Um leve assobiar desviou-lhe o olhar.
- És muito teimoso, Bernardo, hás-de ser sempre teimoso... – e ajeitou-lhe melhor o cobertor sobre o peito. Mas o ressonar persistiu, aquele assobiar baixinho que ela já conhecia de há muito.
Quanto tempo se passara entretanto, desde aquela fotografia?
Sessenta anos? Talvez mais.
O fotógrafo ocasional, o tio do Bernardo, já falecera há muito, oferecera-lhe aquela fotografia num dia de aniversário, numa das suas visitas à aldeia.
Fora a primeira fotografia dos dois juntos, muito antes de todas as outras.
Sorriu, embevecida, a olhar para ele, como naquela mesma fotografia.
Como era lindo, mesmo a dormir, o seu Bernardo...
Olá Rolando
O carinho que transparece em toda a história é deveras enternecedor.

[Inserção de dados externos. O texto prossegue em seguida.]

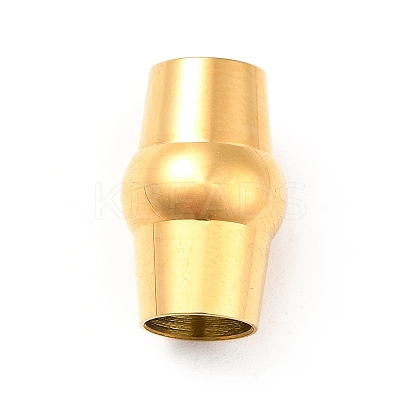304 Stainless Steel Magnetic Clasps with Glue-in Ends STAS-K006-09B-6mm-1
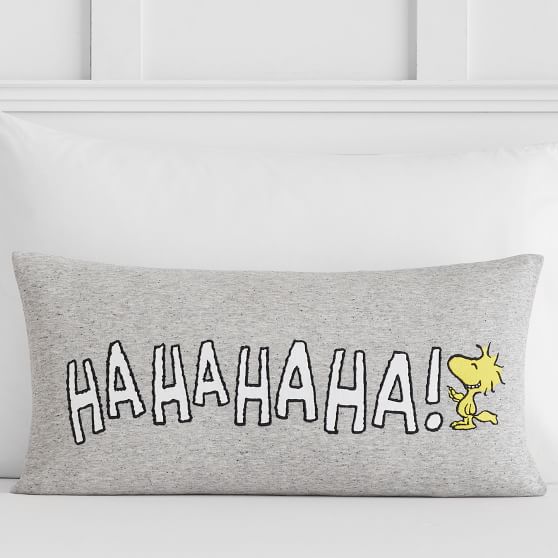 Peanuts Woodstock Hahaha Pillow Cover Teen Throw Pillows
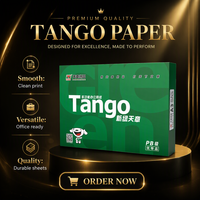 Papier copie Tango 80g A3 500 feuilles 100% pâte de bois Fournitures de bureau Papier copie en gros Papier A4 A5 A6 A7 A2 A3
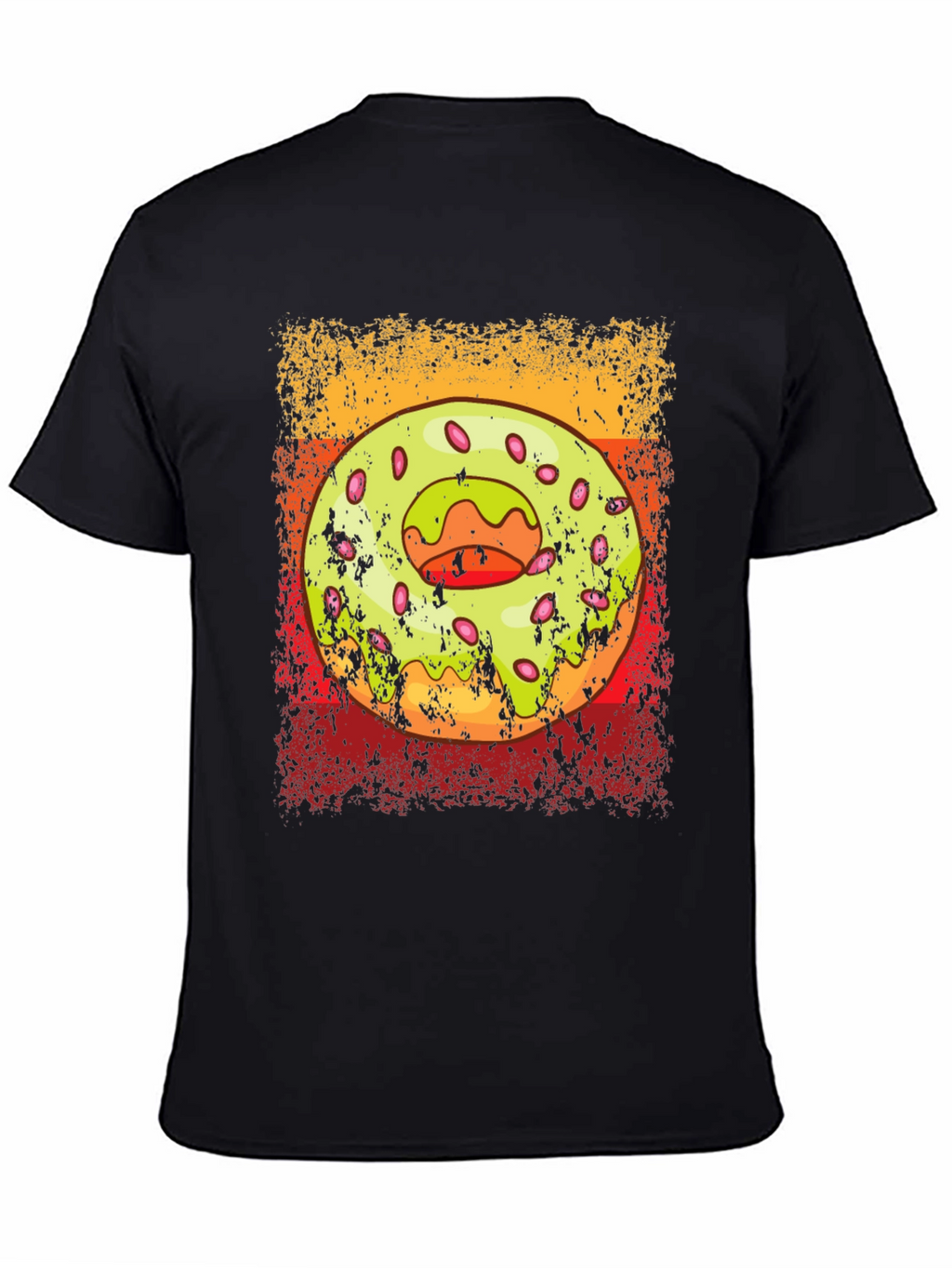 Donut Graphic T-Shirt - Trendy Casual Wear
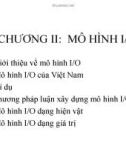 Bài giảng Mô hình toán kinh tế: Chương 2 - ĐH Kinh tế Quốc dân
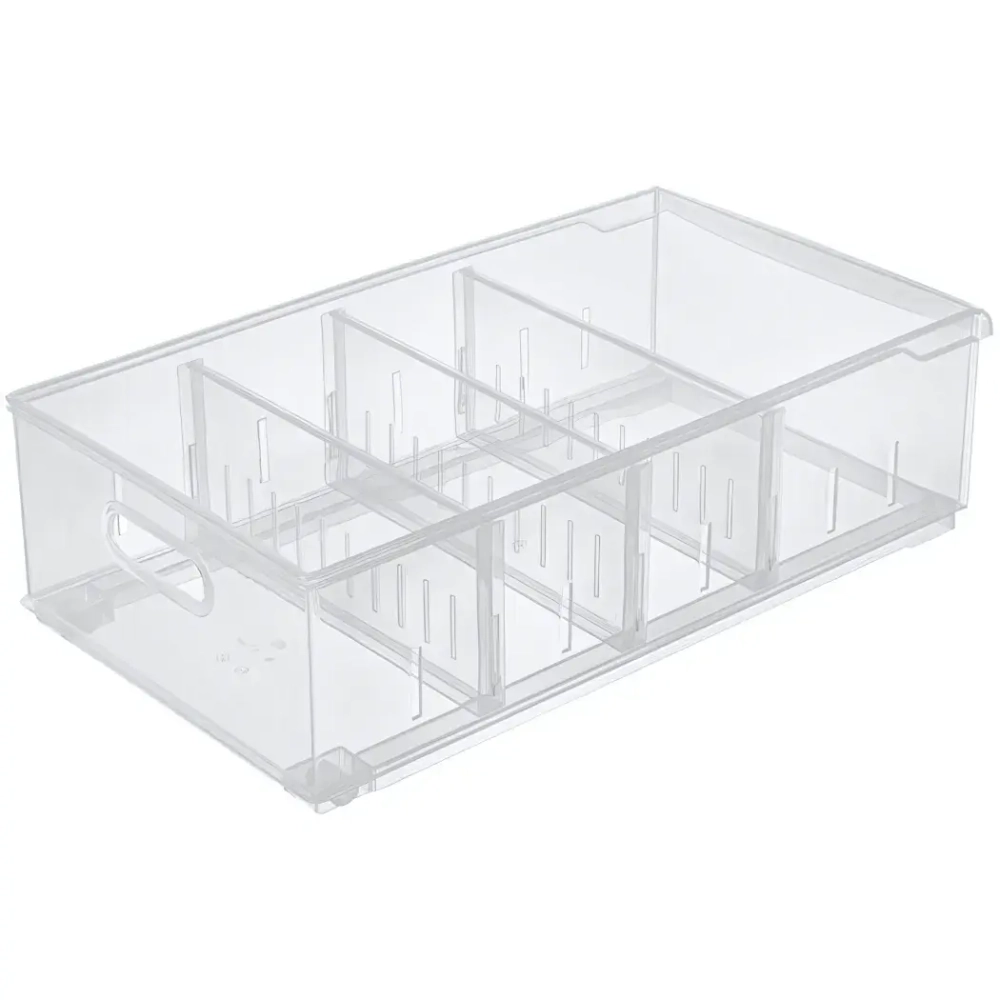 Контейнер универсальный для хранения «ROLLY», бесцветный, 24,2*45*12,9см, 11,5л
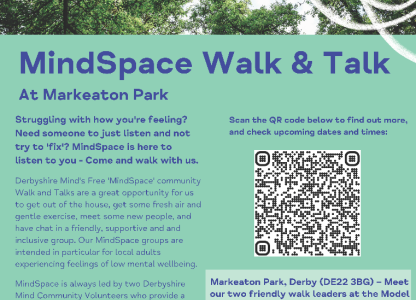 MindSpace Walk & Talk at Markeaton Park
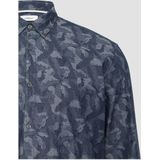 Overhemd - Lichte Jacquard - Regular Fit - Met Buttondownkraag - All-over Motief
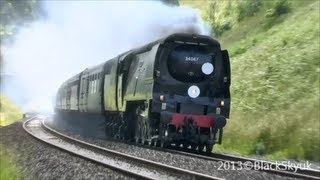 34067 Tangmere on The Devonian Honiton Bank amp Whiteball Tunnel Full HD 1080p 50fps [upl. by Javed813]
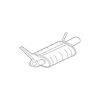 Genuine OE Mitsubishi Muffler - 1571A661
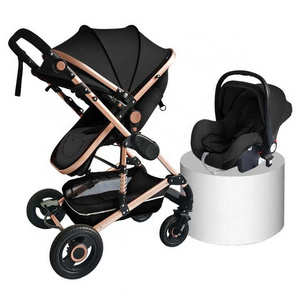 China Factory Supplier Strollers Baby Pram Kinderwagen 3 En 1 Foldable Baby Stroller 3 In 1 With Car Seat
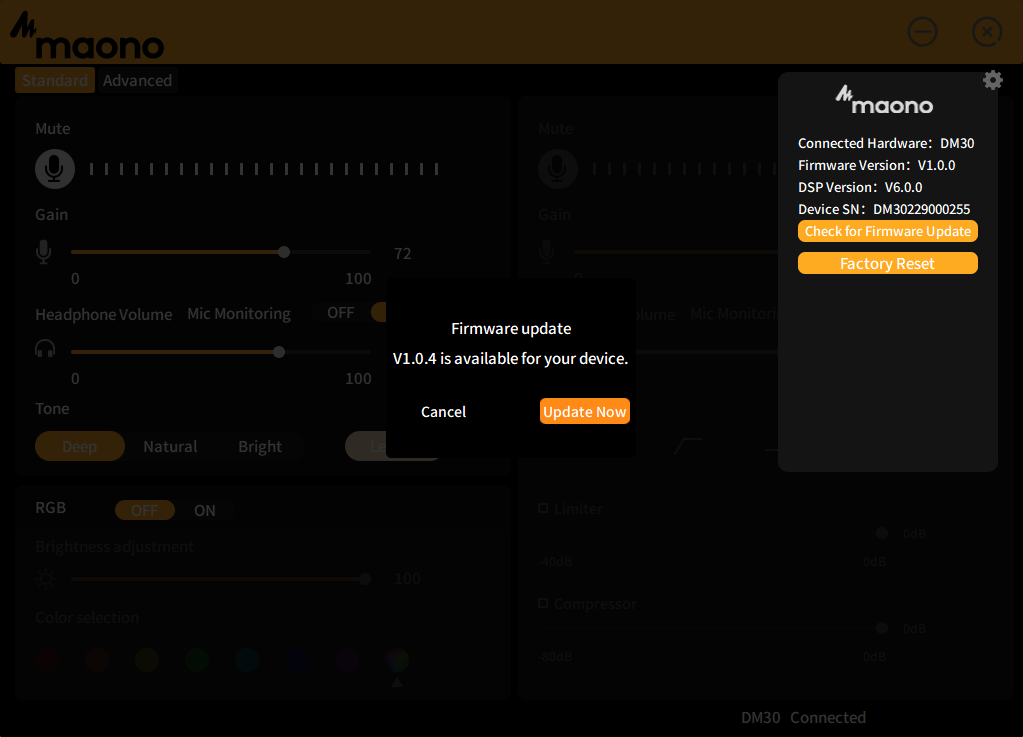 maono-dm30-software-firmware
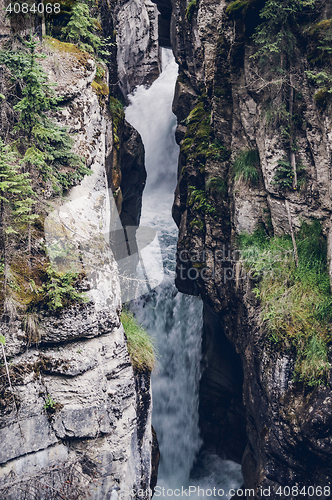 Image of Water stream running down a hillside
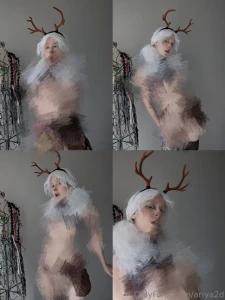 Get naughty and nude with me in this snow deer cosplay set every body part 1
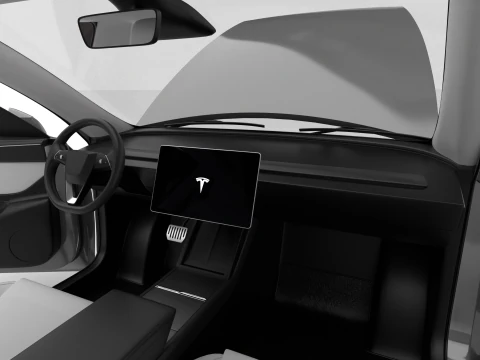Tesla Model Y 2025 HQ 3D Model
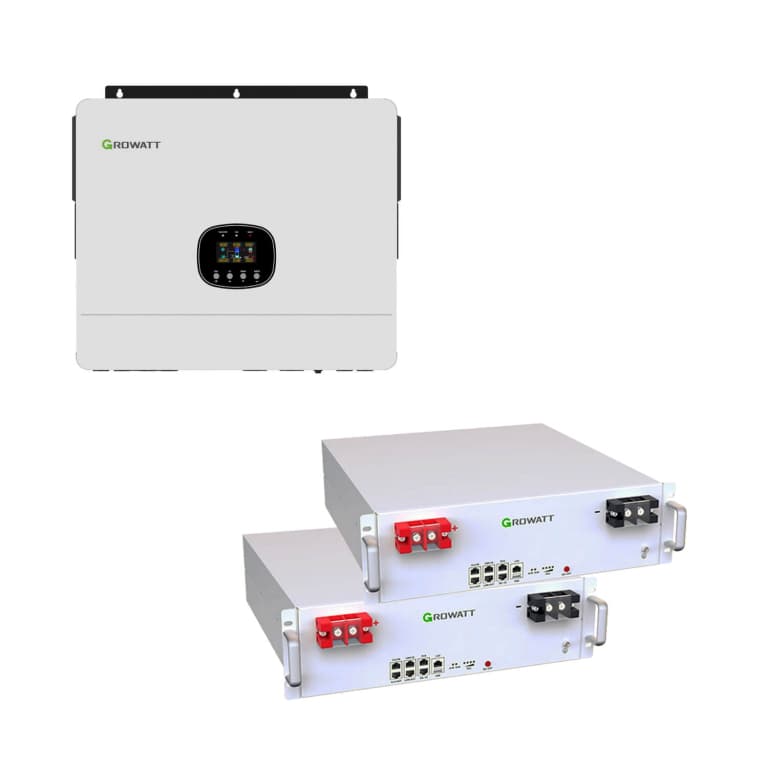 Гібридний інвертор Growatt SPE 12000ES + Акумуляторна батарея Growatt Hope 5.0L-B1 Battery (2 шт)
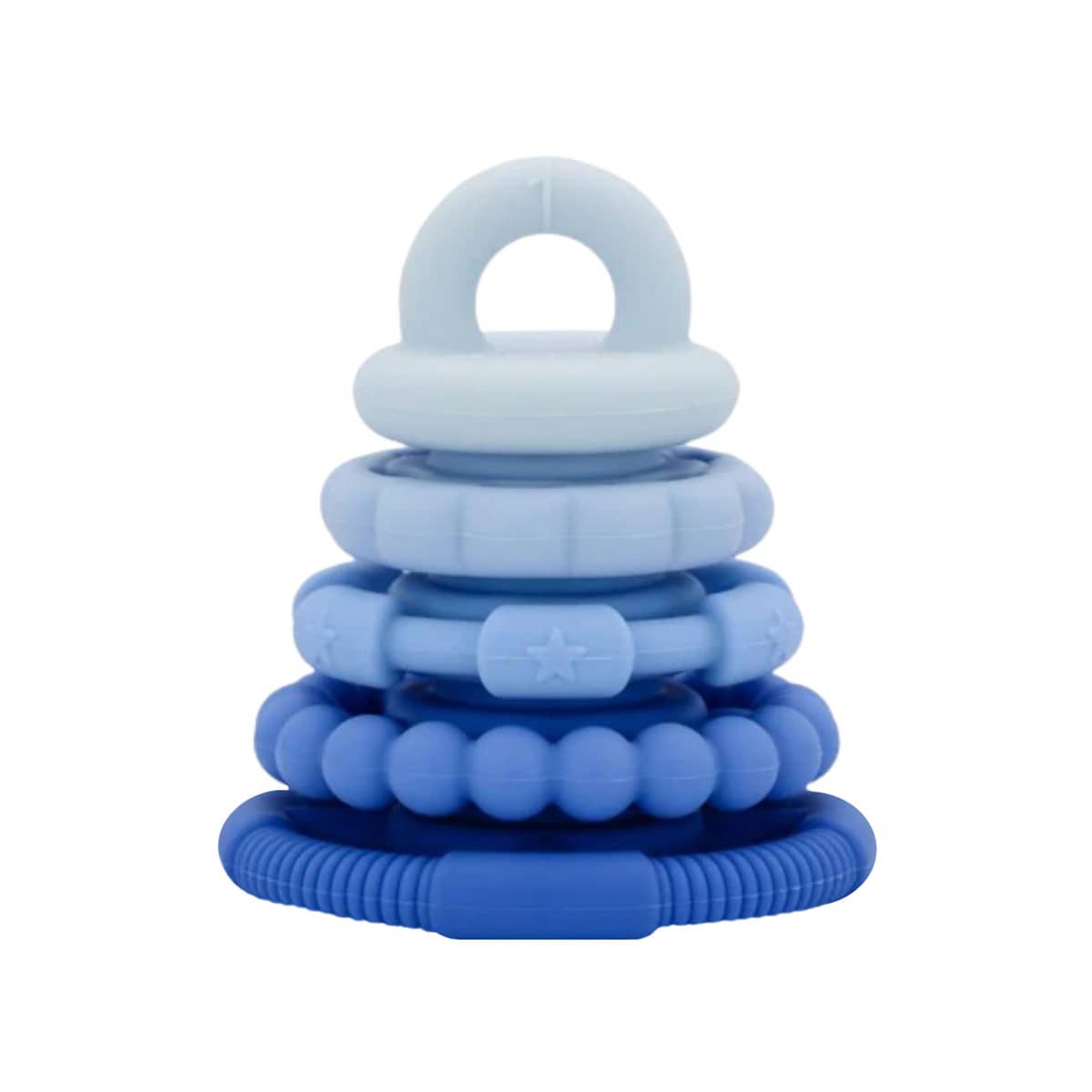 Jellystone Designs Rainbow Stacker Teether and Toy - Blueberry Ombre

Penso que não haverá ninguém que não deseje para a sua vida uma história de amor e cumplicidade, como a que tão bem descreves aqui.
Adorei!
Bom feriado para ti.
Beijos
Manu
Ps: Já chove a Oeste
Olá, Manu...
Inspirei-me na fotografia do João, é verdade. Pensando sempre que aquele olhar pudesse eternizar-se no tempo..
Beijos.
Rolando
( Aqui a chuva aproxima-se a passos largos )
Que encanto! Que ternura! É bonito quando os sonhos se cumprem...beijinhos.
Oi, Paula...
Tão cedo, num feriado... já a navegar na Net?
Sonhos? É verdade... é bom quando os conseguimos cumprir... e temos que lutar por eles, persegui-los... persegui-los sem descanso...
Beijos.
Bom feriado de descanso para ti.
Rolando
De
Antonio a 5 de Outubro de 2009 às 13:39
Legal.
Beijos,
De
Eduardo a 5 de Outubro de 2009 às 19:06
Boa parceria! Ótimo post, !
Olá, Eduardo
Prazer em ver-te por cá. É verdade, o João gentilmente cedeu-me aquela foto, que tanto me chamara a atenção e pronto... olha, aí está o resultado.
Um abraço.
Rolando
De
luisa a 5 de Outubro de 2009 às 20:00
Estes são sim, laços de ternura que se prolongaram na visão para além do que viam pelos vidros da janela!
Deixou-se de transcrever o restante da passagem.